بسم الله الرحمن الرحيم

Segala puji bagi Allah, shalawat dan salam semoga terlimpah kepada Rasulullah, kepada keluarganya, para sahabatnya dan orang-orang yang mengikutinya hingga hari Kiamat, amma ba’du:

Berikut ini pembahasan tentang qana’ah, semoga Allah Azza wa Jalla menjadikan penulisan risalah ini ikhlas karena-Nya dan bermanfaat, Allahumma aamin.

Dikisahkan[i], bahwa ada tiga orang yang berjalan di sebuah jalan, tiba-tiba mereka menemukan harta karun, lalu mereka bersepakat untuk membagi sama rata. Sebelum mereka melakukannya, mereka merasakan lapar yang sangat, maka mereka mengutus salah seorang di antara mereka ke kota untuk membawakan makanan dan berpesan kepadanya untuk merahasiakan (harta karun itu) agar tidak ada orang lain yang memintanya. Di tengah perjalanan membawakan makanan, maka terlintaslah dalam dirinya untuk berlepas dari kedua kawannya dan mengambil sendiri harta karun itu, maka ia pun membeli racun dan menaruhnya di dalam makanan. Pada saat itu juga, kedua kawannya sepakat untuk membunuhnya jika telah kembali agar keduanya membagi harta karun di antara mereka berdua saja. Saat orang itu kembali dengan membawa makanan beracun, maka kedua kawannya membunuhnya, lalu keduanya duduk dan memakan makanan itu, maka kemudian keduanya juga mati karena pengaruh racun itu, sehingga mereka semua tidak dapat menikmati harta karun tersebut. Demikianlah akibat orang yang rakus, tamak, dan serakah.

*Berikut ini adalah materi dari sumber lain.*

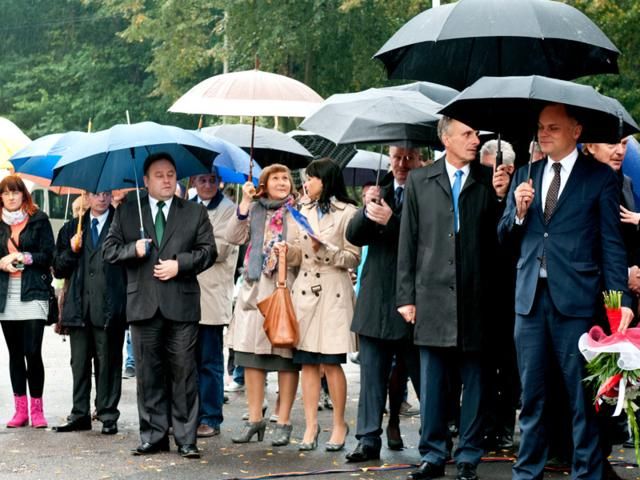 Zdj. nr. 8. Odsłonięcie tablicy poświęconej Irenie Półtorak - 28 września 2013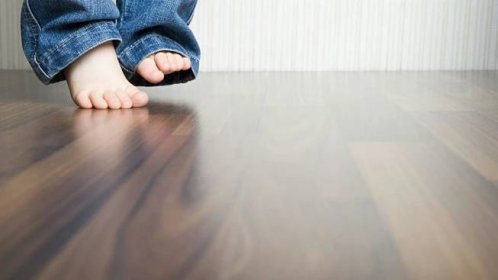 Životnost dřevěných podlah prodloužíte správnou péčí, i velkou opatrností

Seorang sahabat yang mulia, yaitu Hakim bin Hizam radhiyallahu ‘anhu pernah pergi mendatangi Nabi shallallahu ‘alaihi wa sallam dan meminta kepada Beliau harta, lalu Beliau memberinya, kemudian ia meminta lagi, dan Beliau memberinya, ia meminta lagi, maka Nabi shallallahu ‘alaihi wa sallam memberinya lagi, kemudian Nabi shallallahu ‘alaihi wa sallam bersabda kepadanya sambil menasihatinya,

يَا حَكِيمُ إِنَّ هَذَا الْمَالَ خَضِرَةٌ حُلْوَة، فَمَنْ أَخَذَهُ بِسَخَاوَةِ نَفْسٍ بُورِكَ لَهُ فِيهِ وَمَنْ أَخَذَهُ بِإِشْرَافِ نَفْسٍ لَمْ يُبَارَكْ لَهُ فِيهِ كَالَّذِي يَأْكُلُ وَلَا يَشْبَعُ الْيَدُ الْعُلْيَا خَيْرٌ مِنْ الْيَدِ السُّفْلَى.

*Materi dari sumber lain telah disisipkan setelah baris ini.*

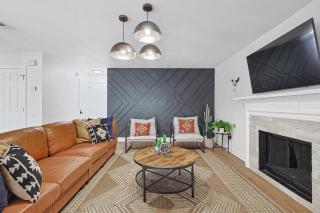 5BR w Backyard Paradise Pool Cinema Games - 2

“Wahai Hakim! Sesungguhnya harta ini hijau lagi manis[ii]. Barang siapa yang mengambilnya dengan qana’ah (tidak tamak), maka akan diberikan keberkahan padanya, tetapi barang siapa yang mengambilnya dengan hati yang tamak, maka tidak akan diberikan keberkahan, sehingga seperti orang yang makan namun tidak kenyang, dan tangan di atas (memberi) lebih baik daripada tangan di bawah (menerima). (Muttafaq ‘alaihi)

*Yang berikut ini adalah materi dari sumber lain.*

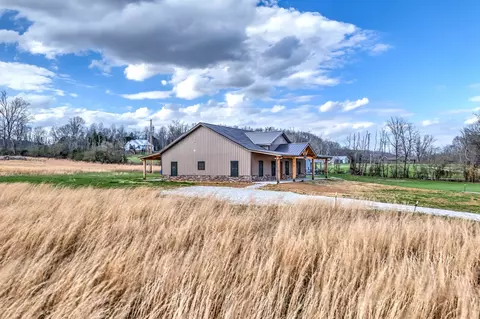 Exterior - 656 E Piney Rd, Dickson, TN 37055 photo 7 of 15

Maka setelahnya Hakim berjanji kepada Nabi shallallau ‘alaihi wa sallam untuk tidak meminta sedikit pun harta dari seseorang sampai ia meninggal dunia. Abu Bakar Ash Shiddiq radhiyallahu ‘anhu pernah memintanya hadir agar diberi bagiannya dari harta yang ada, lalu ia menolak untuk menerima sedikit pun darinya, dan ketika Umar radhiyallahu ‘anhu menjabat sebagai khalifah, maka Umar memanggilnya untuk diberinya harta, namun Hakim tetap menolaknya, maka Umar berkata, “Wahai kaum muslimin, aku jadikan kalian sebagai saksi terhadap Hakim, bahwa sesunggunya aku telah menawarkan haknya yang Allah berikan untuknya dalam harta fai’[iii] ini, lalu ia menolak untuk menerimanya.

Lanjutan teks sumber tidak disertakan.